_WORK TO BE COMPLETED_
Skip the images; return every entry exactly.

[Start of Attachment]

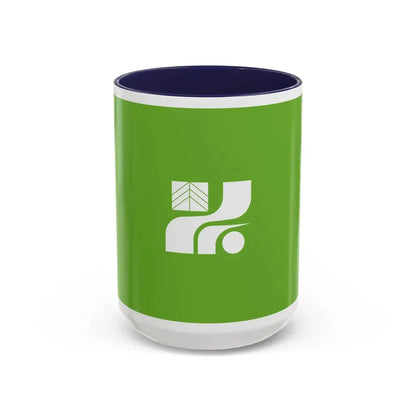 Flag of Tochigi Prefecture Japan - Accent Coffee Mug 15oz Navy - Go Mug Yourself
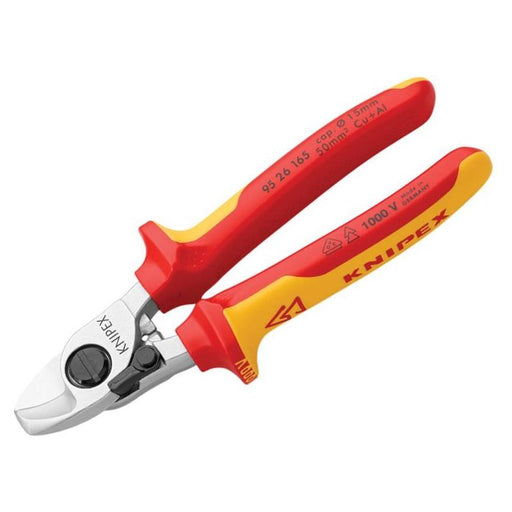Knipex VDE Cable Shears with Return Spring 165mm Knipex - Town Tools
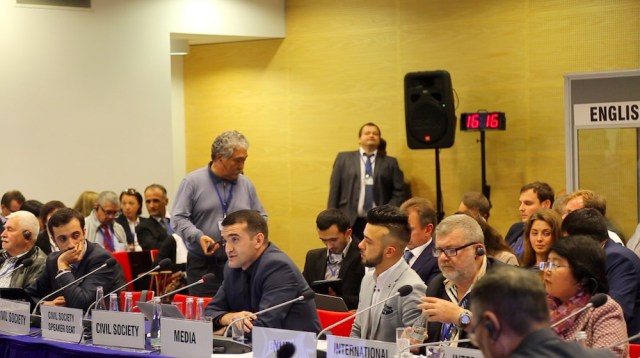 Əhməd Şahidov ATƏT-in Varşava toplantısında Cənubi Qafqazda demokratik islahatlar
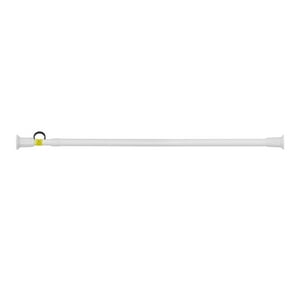 Decoexpress - Barra Extensible 110-200 Cms Cortina De Ducha Aluminio Cromado Color Blanco
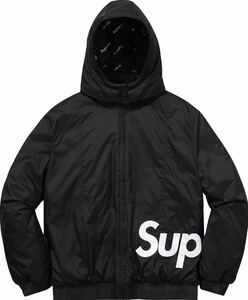 希少美品☆16aw Supreme sideline logo Jacket ブラック 正規品 L 黒 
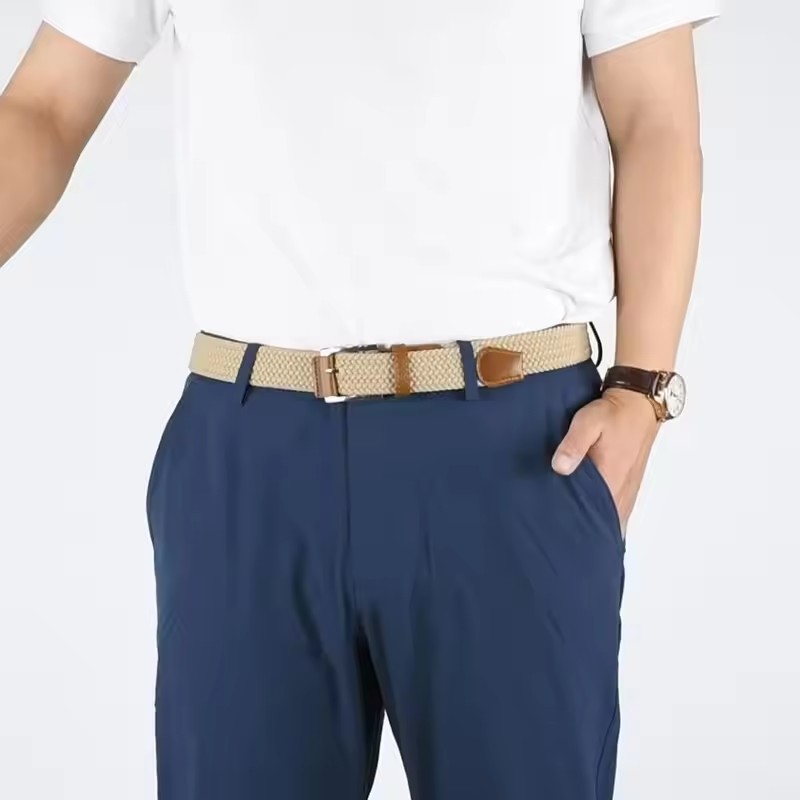 1Pcs New Luxury Men's Elastic  - Men'S Formal Wear Belt บทวิจารณ์และราคา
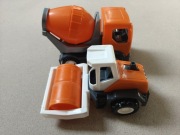 Wader dwa pojazdy betoniarka i walec zabawki auta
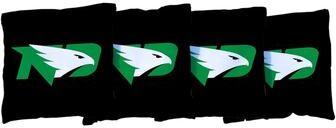 Skip's Garage North Dakota Black Cornhole Bags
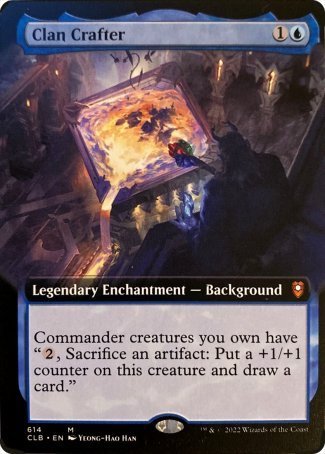 Clan Crafter (Extended Art) [Commander Legends: Battle for Baldur's Gate] | Gam3 Escape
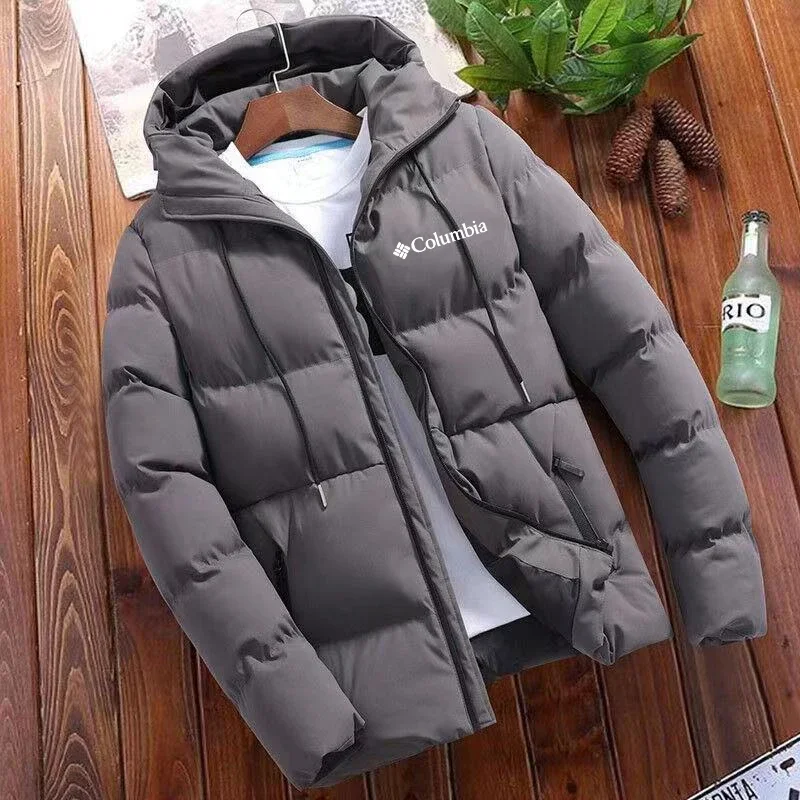 

2023 New Men's Columbia Fashion Winter Warm jacket Men's collar Parker Men's jacket Zipper jacket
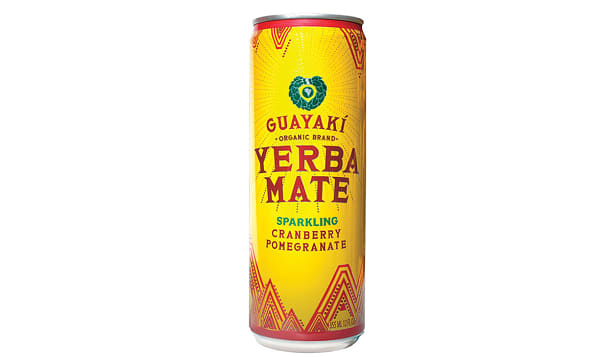 Guayaki Organic Brand Sparkling Cranberry Pomegranate, 355 mL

[End of Attachment]

_RESULT BELOW_
 Flag of Tochigi Prefecture Japan - Accent Coffee Mug 15oz Navy - Go Mug Yourself
Knipex VDE Cable Shears with Return Spring 165mm Knipex - Town Tools
 Əhməd Şahidov ATƏT-in Varşava toplantısında Cənubi Qafqazda demokratik islahatlar
 Decoexpress - Barra Extensible 110-200 Cms Cortina De Ducha Aluminio Cromado Color Blanco
 希少美品☆16aw Supreme sideline logo Jacket ブラック 正規品 L 黒 
 1Pcs New Luxury Men's Elastic  - Men'S Formal Wear Belt บทวิจารณ์และราคา
 Wader dwa pojazdy betoniarka i walec zabawki auta
 Skip's Garage North Dakota Black Cornhole Bags
 Clan Crafter (Extended Art) [Commander Legends: Battle for Baldur's Gate] | Gam3 Escape

2023 New Men's Columbia Fashion Winter Warm jacket Men's collar Parker Men's jacket Zipper jacket
 Guayaki Organic Brand Sparkling Cranberry Pomegranate, 355 mL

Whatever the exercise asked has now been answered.